With a few exceptions, the candidates focused more on debating the past than offering ideas and prescriptions for today's Middle East challenges.
Apart from the rants, attacks, and insults, when it came to Middle East issues, last night's debate was like an old and broken record -- rehashing disputes over the Iraq war (2003), the withdrawal of troops from that country (2011), and the Iran nuclear deal (2015). As important as clarity on those issues may be, there was regrettably little discussion of pressing issues the next president is sure to face on Inauguration Day.
Syria. The most glaring foreign policy lacuna in the debate was the almost complete omission of the world's most pressing strategic cum humanitarian challenge. With Russian and Syrian bombs falling on civilians in Aleppo, the candidates offered no hint that they would ditch what one could call President Obama's policy of "strategic indifference" and implement a more robust approach -- one designed to create strategic balance on the ground in order to compel the Moscow-Tehran-Damascus axis to negotiate a political resolution.
The Islamic State. In terms of the fight against IS, both candidates replayed stock lines from stump speeches. Overall, Hillary Clinton's paragraph on defeating the group was much more detailed than Donald Trump's; it included support for Kurdish and Arab allies, a focus on targeting IS leadership, and a sequence of action (liberate Mosul by the end of 2016, then focus on squeezing the group in Raqqa), all done with enhanced U.S. air support but not ground forces. For his part, Trump did not go far beyond a commitment to massive military action against IS, falling back on his critique that the Obama administration permitted the group's rise by precipitously withdrawing U.S. forces from Iraq and mishandling Libya. Neither candidate, however, addressed what most experts believe to be the most serious challenge -- what to do the day after liberating IS-held territory so that it does not become the base for the next iteration of radical Sunni jihadists.
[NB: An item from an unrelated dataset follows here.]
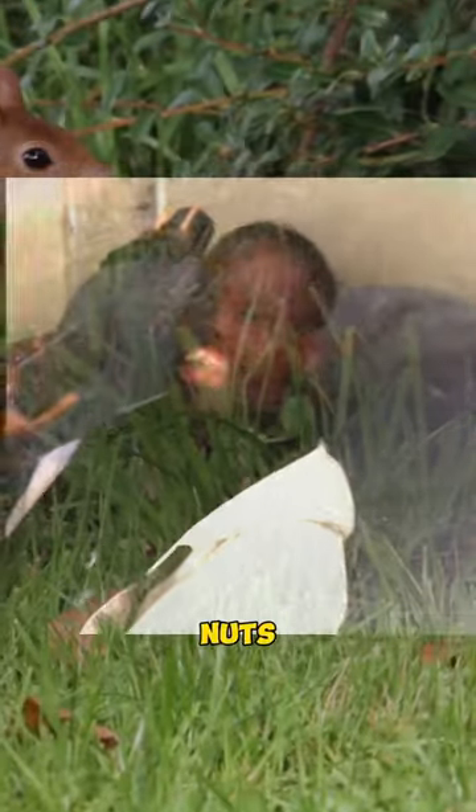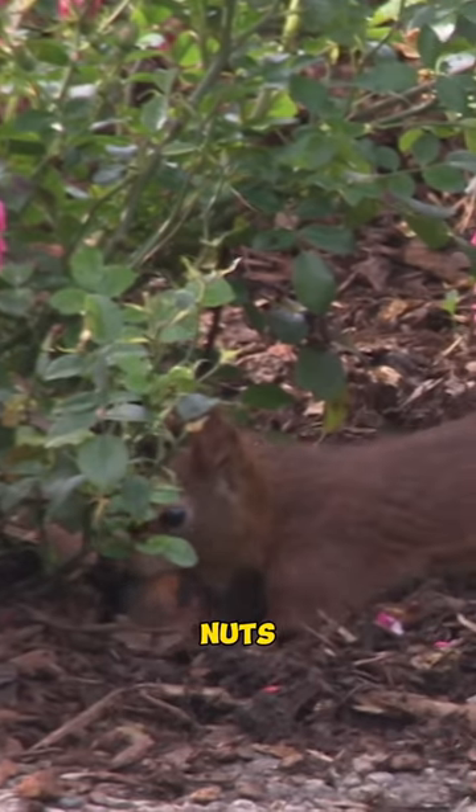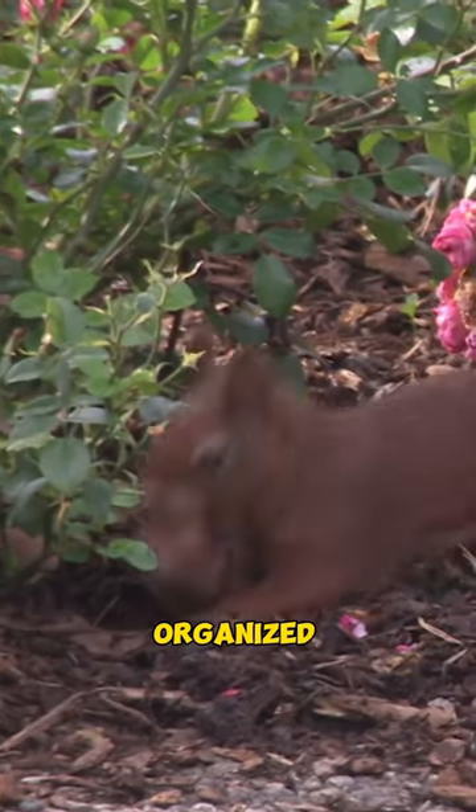How do squirrels find their nuts? Squirrels aren't just randomly stashing nuts — they are super organized planners.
Iran. Clinton and Trump spent considerable time jousting over the wisdom of the Iran nuclear accord, including Trump's remark that Israeli prime minister Binyamin Netanyahu remains displeased with the deal. However, the Republican candidate offered no specific alternative to the existing agreement, and the Democratic candidate offered no detailed suggestions to push back against Tehran's success in taking advantage of the deal to extend Iranian influence throughout the region.
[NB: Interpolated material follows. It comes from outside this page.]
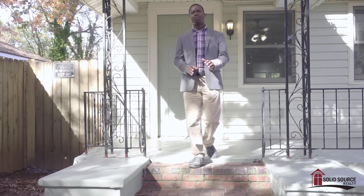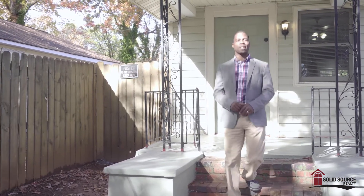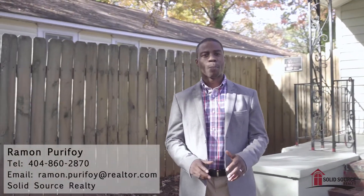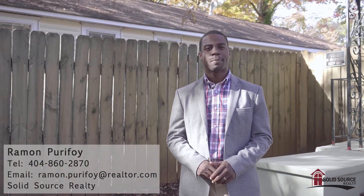Hope you like what you saw. I'm sure you know someone looking for a house in the Atlanta area. So go ahead, like, comment, and share this video. I'm Ramon Purifoy with SolidSource Realty. Take care.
Allies. About seventy-five minutes into the debate, Clinton made an overlooked but important reference to strengthening alliances in the Middle East as part of the strategy to confront common adversaries. And later, she made a welcome, straight-into-the-camera pledge about fulfilling commitments to U.S. allies around the globe. Yet, with specific reference to the Middle East, neither candidate followed up with details on how to pursue what is sure to be a major policy theme differentiating them from President Obama's perceived focus on reaching out to adversaries more than strengthening partnerships with allies.
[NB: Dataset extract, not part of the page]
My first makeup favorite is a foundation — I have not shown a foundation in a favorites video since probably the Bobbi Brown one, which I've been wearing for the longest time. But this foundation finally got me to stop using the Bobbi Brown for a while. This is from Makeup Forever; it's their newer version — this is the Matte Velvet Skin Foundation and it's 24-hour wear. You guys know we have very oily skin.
Missed Opportunities. Interestingly, neither candidate took the opportunity to score points on certain popular Middle East policy themes. Clinton, for example, could have distanced herself from Obama by mentioning her support for the Justice Against Sponsors of Terrorism Act (JASTA), which would lift Saudi Arabia's diplomatic immunity for charges of complicity in the September 11 attacks. The president has vetoed the legislation, but she has backed it. For his part, Trump did not repeat his promise to recognize Jerusalem as Israel's capital, long a staple of Republican presidential aspirants. More broadly, he did not critique Clinton for her role in an administration that Republicans and other critics view as cool and distant toward Israel, though reaching the bilateral $38 billion Memorandum of Understanding on military assistance earlier this month may have insulated her from that line of attack.
Of course, national security -- and within it, the Middle East -- was just one of several themes addressed last night. The candidates will have further opportunity to tackle the agenda ahead, rather than rehash differences over the past, when they square off in their next two debates.
Robert Satloff is the executive director of The Washington Institute.